A self-made millionaire (Richard Egan) travels with his wife (Constance Ford) and daughter (Sandra Dee) to a summer resort run by Egan’s former flame (Dorothy McGuire), her alcoholic husband (Arthur Kennedy), and their son (Troy Donahue). Soon Egan and McGuire have rekindled their romance, and Dee and Donahue have fallen for one another — but will Ford’s prudish sensibilities and sinister plans to milk her husband for alimony ruin everyone’s chance for happiness?

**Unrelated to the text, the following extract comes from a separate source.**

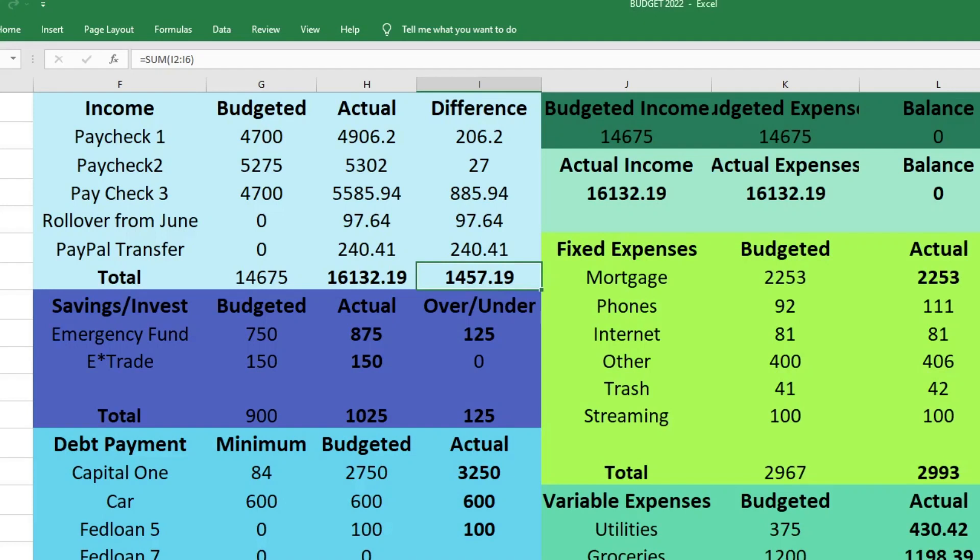What's up YouTube? Welcome back to my channel, Katie of the House. I'm Katie and on today's video I'm going to take you through my July 2022 budget wrap-up. So let's just go ahead and get into it.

Genres, Themes, Actors, and Directors:
- Arthur Kennedy Films
- Beulah Bondi Films
- Class Relations
- Cross-Class Romance
- Delmer Daves Films
- Dorothy McGuire Films
- First Love
- Sandra Dee Films
Response to Peary’s Review:
Peary argues that this “first-rate trash about ‘we’ve gotta-be-good‘ young lovers… trying to find a refuge from their mixed up parents” is “lots of fun: it’s corny, there’s a lot of emphasis on sex, there’s hysteria.” He writes that “Dee and Donahue are a movie match made in camp heaven:
and Ford is deliciously diabolical.”
Indeed, there is so much overwrought melodrama and laughable dialogue in this soaper it’s hard to know where to begin in a critique. For instance, abusive Ford subjects Dee to a full physical examination after she’s been shipwrecked for a night with Donahue, despite Dee crying out in agony:
“I haven’t done anything wrong. I’ve been a good girl. I haven’t done anything wrong. Please, I want my father. No! No! No! I’ve been a good girl! No! No!”
Eventually, of course, Donahue and Dee’s love for one another transcends their parents’ fruitless attempts to keep them apart and they land in the Ultimate Trouble. Meanwhile, Kennedy’s alcoholism continues to worsen:
while McGuire and Egan live out their newly validated romance in a Frank Lloyd Wright house by the shore.
How will everything work out for the young lovers? You’ll have to watch to see — but be forewarned that Max Steiner’s recognizable score will remain stuck in your head indefinitely.
Redeeming Qualities and Moments:
- Fine Technicolor cinematography and location shooting
Yes, once, simply for its notoriety.